Wanted: better role modelsPublished 7:24am Thursday, February 21, 2013
Women’s History Month is just around the corner. And being of many in a now female dominated Roanoke-Chowan News-Herald office, I think it’s about time I do my duty and step up on to the old feminism soapbox.
When I was a teenager my mom took me to Seneca Falls, NY, home of the first Women’s Rights Convention held in 1848. We spent the whole day learning about women’s history and the suffragettes involved with the women’s movement like Elizabeth Cady Stanton, Lucretia Mott and, of course, Susan B. Anthony.
It was a life lesson for me, to actually stand in a place where thoughts were shared and action was taken to right one of the many wrongs that have happened in this world.

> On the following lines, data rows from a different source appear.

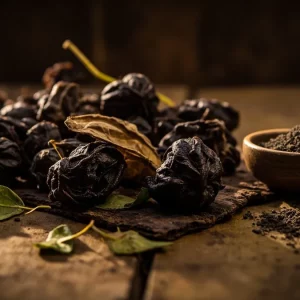 میوه خشک شده هلیله سیاه و پودر آن در کاسه چوبی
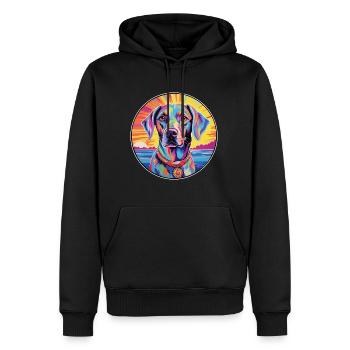 Gascon Saintongeois Race De Chien Coloré Cartoon Wat - Sweat à capuche Premium bio Homme - noir - Devant - Nico (187cm)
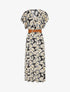 Robe longue empire à manches volantées - Noir - 1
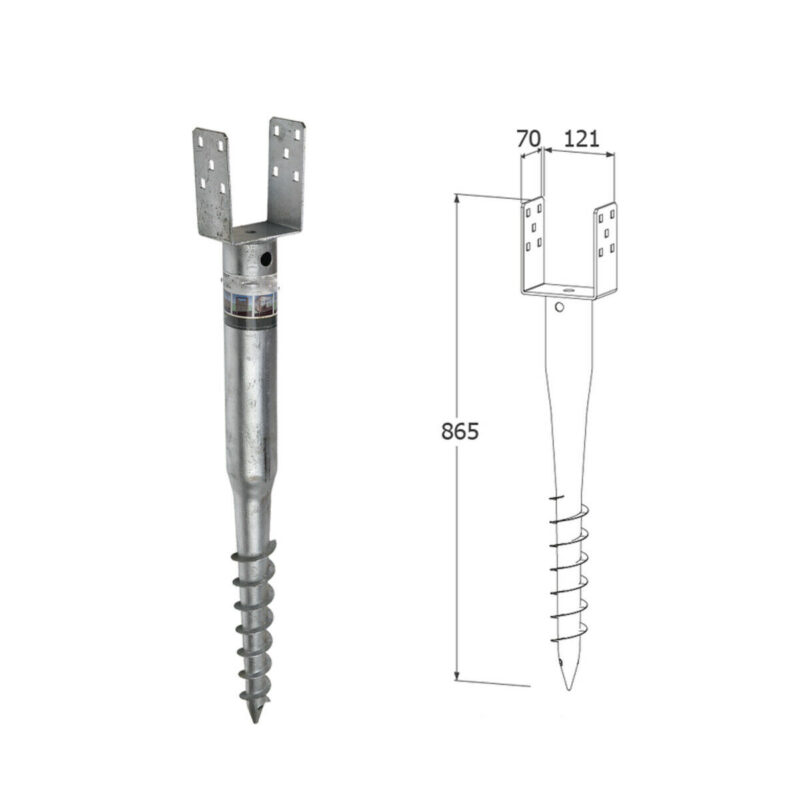 Lang premium heavy-duty Jordpløkker / stolpestøtteskruer, 865 mm 121mm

Life in the 19th century was a lot worse for women. They couldn’t vote, attend universities, hold an elective office, earn an income, own property, divorce their husband and the most frightening of all; they didn’t have rights to their children.
All of those listed above are rights women now days take for granted. Back then women were fighting to not only obtain those rights, but receive respect from their male counterparts.
Now days it seems we’ve earned that respect, but have some how lost the respect for ourselves along the way.
Degrading and unreal images of women are splattered all over the media, implanting a likeness in young girls’ heads that they have to be what they see.
No woman is immune to the body image issue.
We are the soul of the fashion industry as we buy into the latest trends and designers.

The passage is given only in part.